Combine sleeping in with snappy tuxes with heavy drinking with dancing like asses with more drinking with proud parents, sappy speeches, weeping new husbands, and bear hugs aplenty and you’ve got a pretty good day on your hands. I got to dance with my wife, with whom I am madly in love, and I got to have a conversation with my dad, who surely knew I was drunk but didn’t seem to mind. I got to walk my sister down the aisle, which was covered with a white runner (I’ll never understand why the runner is used, but since I got to be one of the guys to lay it down, I hereby proclaim it to have been a more important component in the ceremony). I made the best men laugh when the priest’s phone rang DURING THE MASS. I wonder if the more technophilic of the clergy give God his own ringtone? I’m told the Almighty is a big Hendricks fan.
And damn, we looked good. They ladies were stunning as they ran into a bar to use the bathroom. The men were very James Bond as they loaded up the trolley with something like a billion cases of beer. The parents of the bride and the parents of the groom were decked out in the best of the best, but outfits all around were overshadowed by toothy, goofy grins and teary eyes. And I, in my bow tie and suspenders, was ravishing, as to be expected.

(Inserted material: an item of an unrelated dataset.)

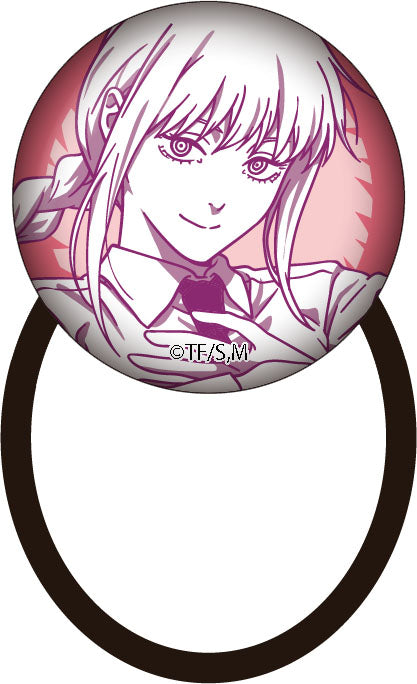 『チェンソーマン』ガラスヘアゴム マキマ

To those who haven’t yet been married, I’ll let you in on a secret. There’s a moment during the day (for me, it was when I was announced into the reception with my new wife) when it hits you that the village that raised you has made the effort of gussying up and all coming into one room, and not just because of the free eats. The whole crowd is there to bare testament to the day and to their relationship to you, to both of you. Even if you aren’t the kind of person who enjoys being the center of attention (moi?), this is a lovely and startling realization, and it’ll wash over you and through you and it’ll only be interrupted when you turn your attention away from the crowd and are instead mesmerized by the fancily-dressed person holding your hand. Or when the priest’s phone rings. That was hilarious.
Steve and Aly’s shindig was the perfect example of this – a room full of people who were just as proud of them as their closest relatives. Have fun in Ireland, kids.